A few months ago I almost burned down the house. I left some food on the stove and went back to my room to wait and I ended up falling asleep. I woke up to the sound of the smoke alarm. When I went to see what it was, I saw one of my housemates running the tap over the pan in the sink while another one was clearing the smoke away with a dishrag. They gave me an angry lecture about being irresponsible.
This was before I got on the pills. What I didn't tell them at the time was that I didn't go to my room to fall asleep. I was wide awake and playing with myself.
I didn't admit it to you guys because I didn't want you to think I liked being a girl just because I could touch my own pussy. I know there's people that read this blog that think I should probably feel better about my situation, and I agree that the depression and anxiety has made it hard for me to deal with that. I just felt like it was something I should hide. Besides, in my normal life I would probably not tell everyone how often I jacked off.
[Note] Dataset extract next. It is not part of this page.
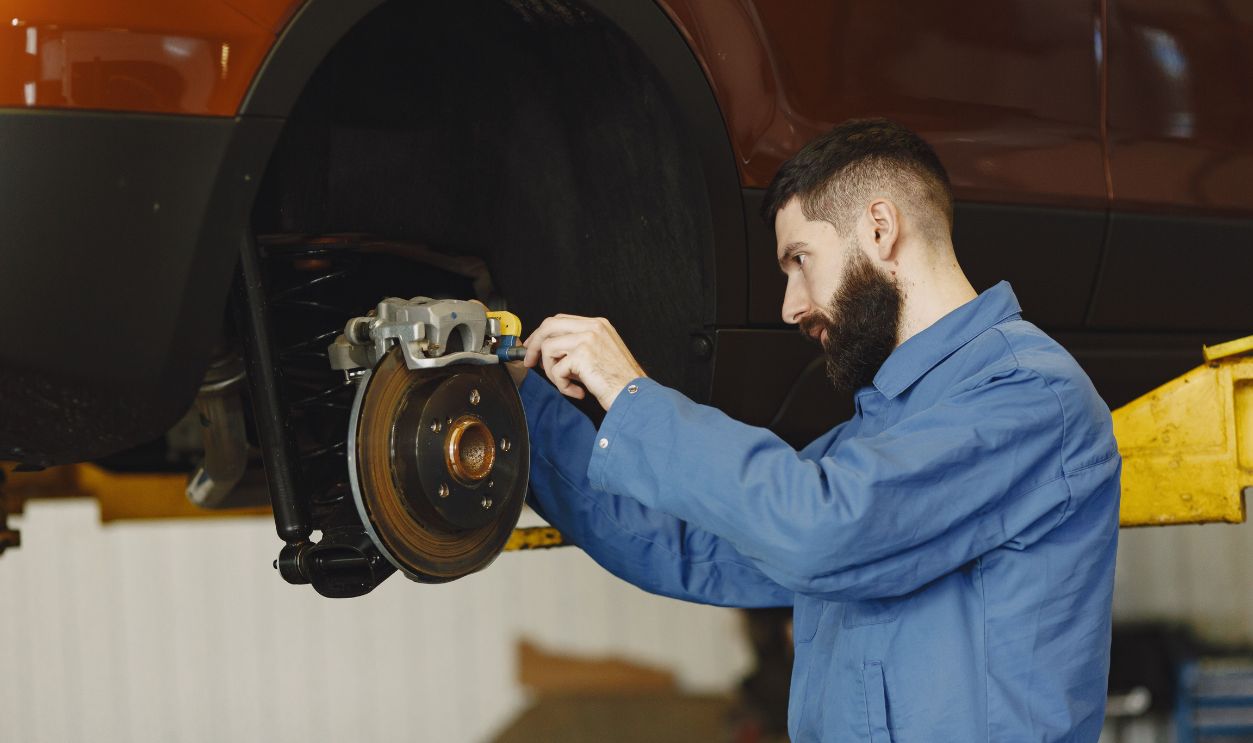 Mechanic in blue uniform performing brake repair on car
It was my coping mechanism. Whenever I felt unhappy because I didn't wanna leave my room and didn't wanna eat, I'd go to the bedroom (or the bath, or the living room later if everyone was out) and strip off. I'd start fondling my tits until I felt a little spark downstairs. I could go for an insane amount of time just rubbing and rubbing, usually over top of the panties. I never came though. Maybe it's because I never put anything inside me because the idea of that scares the fuck out of me. I don't even want to like rubbing myself, but I do... or I did anyway.
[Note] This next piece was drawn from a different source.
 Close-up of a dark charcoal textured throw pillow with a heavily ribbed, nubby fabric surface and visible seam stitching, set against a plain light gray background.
Once I got on the pills I didn't want to do it anymore. I haven't really touched myself there since December, except when I have to. Whenever I think maybe I could do it, I remember how long I spent and never really finished and it just doesn't feel like a good idea.
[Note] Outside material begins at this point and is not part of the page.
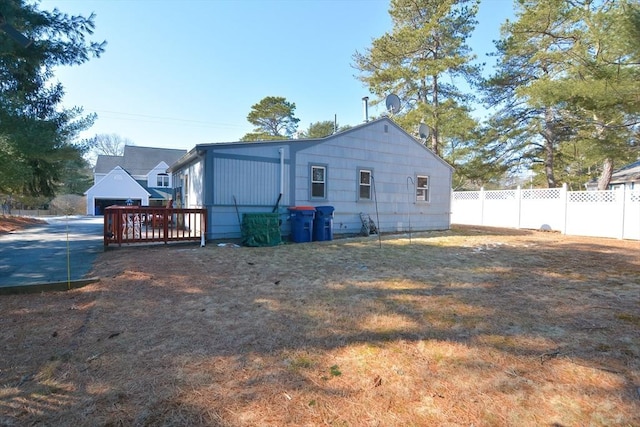 back of property featuring fence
I'm telling you all this because something weird is going on with my life. I was talking to Wes, the rich guy who picked me up at the gala, a lot. I like hanging out with him because he's smart and knows a lot about the world and he's funny, and I don't have to do a lot of talking when he's around. Then last night, I got this weird vibe off him... like he was hitting on me. Mostly he acted like his normal self, but on our way out of the restaurant he opened the door for me and gave me this look like "You know what I'm thinking."
I didn't hate it. I didn't want to punch him, like I do most guys. I know he's a good dude. But it still bothered me. Like we can't just be friends, he has to want to have sex with me.
I keep thinking about him. What if I was a guy and he was a girl, someone who looked like me. And he was smart and funny and willing to put up with my craziness, but he was the one with the tits. Well, he'd be too good for me.
I feel bad for him. I want him to date someone else, anyone. It definately wouldn't be hard for him. I want him to be happy, but not with me.